So when she gets her hands on her ex’s soon-to-published manuscript, of course it bites back with a sharp papercut—finally, something real. But Susan has no idea just how real this thing is; as she dives in, we’re suddenly thrust halfway across the country. In Dallas (in the novel), Tony (played by a bearded Jake Gyllenhaal) packs his wife (Isla Fisher, looking suspiciously like Adams) and teenage daughter into a car. By nightfall, they’re deep in the moonless Mars-scape of West Texas, guided only by the glare of headlights. The daughter complains about the reception. “That’s what I love about West Texas,” Tony intones. “No phones, no people.” Cue a pair of crimson-red brake lights on the horizon.
What plays out is more than superficially horrific.
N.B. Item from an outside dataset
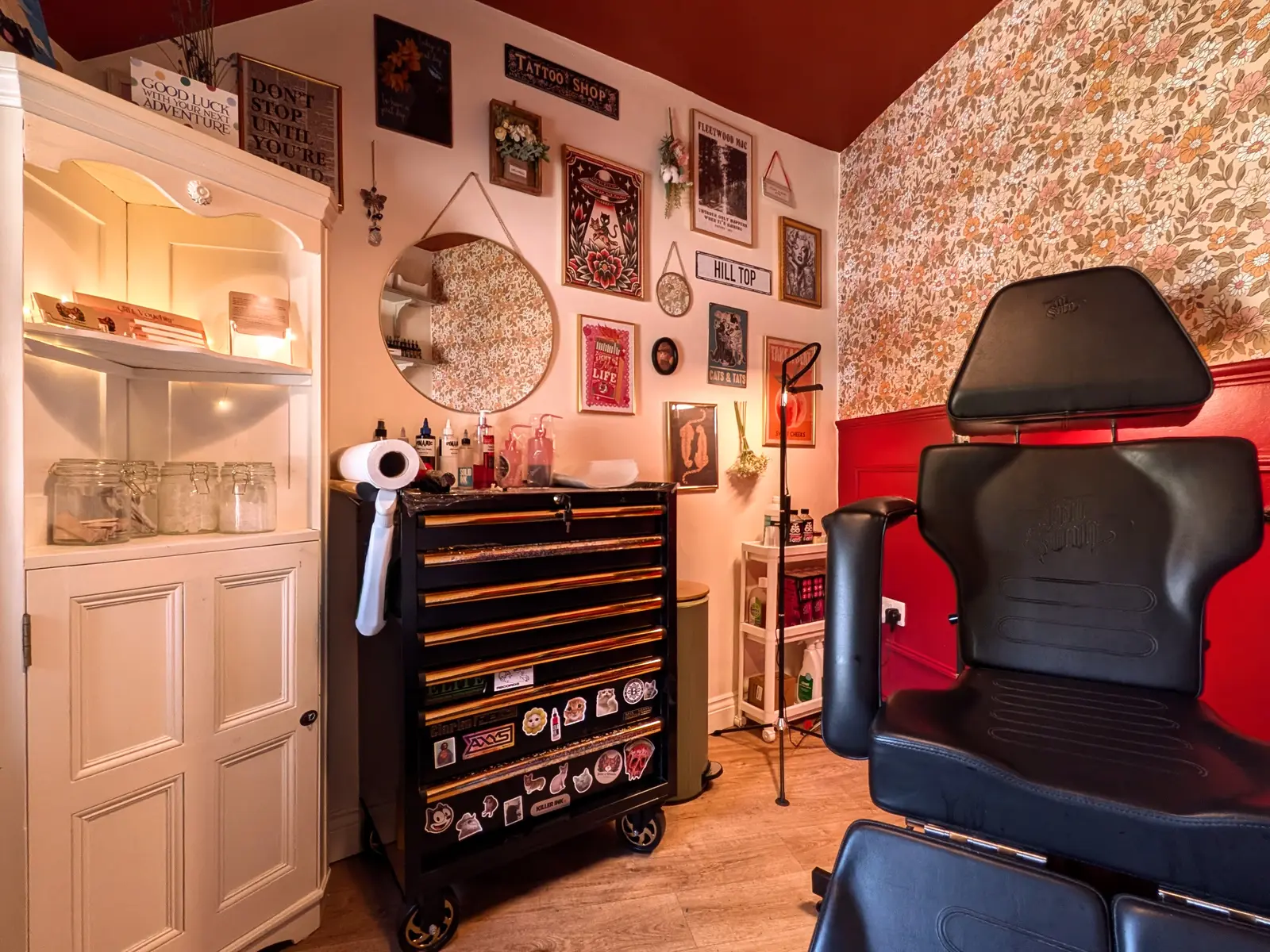 Inside the Berry & Whiskers studio — tattoo chair against red panelling, retro floral wallpaper and a gallery wall of prints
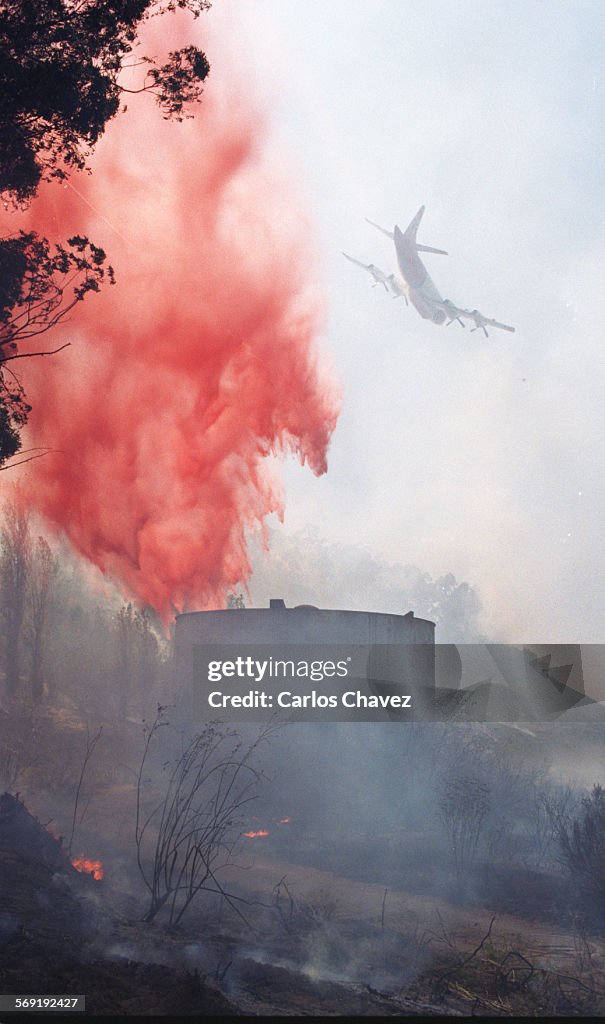 Airtanker drops retardent over a hot area on a hillside during a bursh fire in Somis.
It’s so tense, in fact, that it jolts Susan in reflex (as if people recoil when reading something scary) and jolts us from one “reality” to another to another. Back in her antiseptic scene, Susan conjures memories of her ex (Gyllenhaal again, sans beard) and their courtship. Firmly in Susan’s head, we’re never on firm ground; a glance at a fireplace, for example, might send us back to her college days or that Texas wasteland, where the movie really comes alive thanks to Michael Shannon (having a banner year) as a small town sheriff who “looks into things around here.”
Nocturnal Animals is an ugly beast, but it never sheds its arch chill. That second-hand remove imbues its provocative gestures with an unearned smugness that feels especially false in the wake of the similarly icy and far superior The Neon Demon. (Jena Malone, back in Valley-zombie mode, nearly steals the movie with her delivery of a single line.) But of all of the movie’s postures, its retrograde dissection of gender roles bends from playful contrarianism into outright bunk. In its attempt to approximate David Lynch doing Sam Peckinpah with an assist from Nicholas Roeg, Nocturnal Animals reveals its own naked vacuity. Where their provocations couldn’t be more sincere, this one’s just another accessory in its own artful pose.
Nocturnal Animals. Written and directed by Tom Ford. Starring Amy Adam, Jake Gyllenhaal, and Michael Shannon. Opens in Kansas City on December 9, 2016.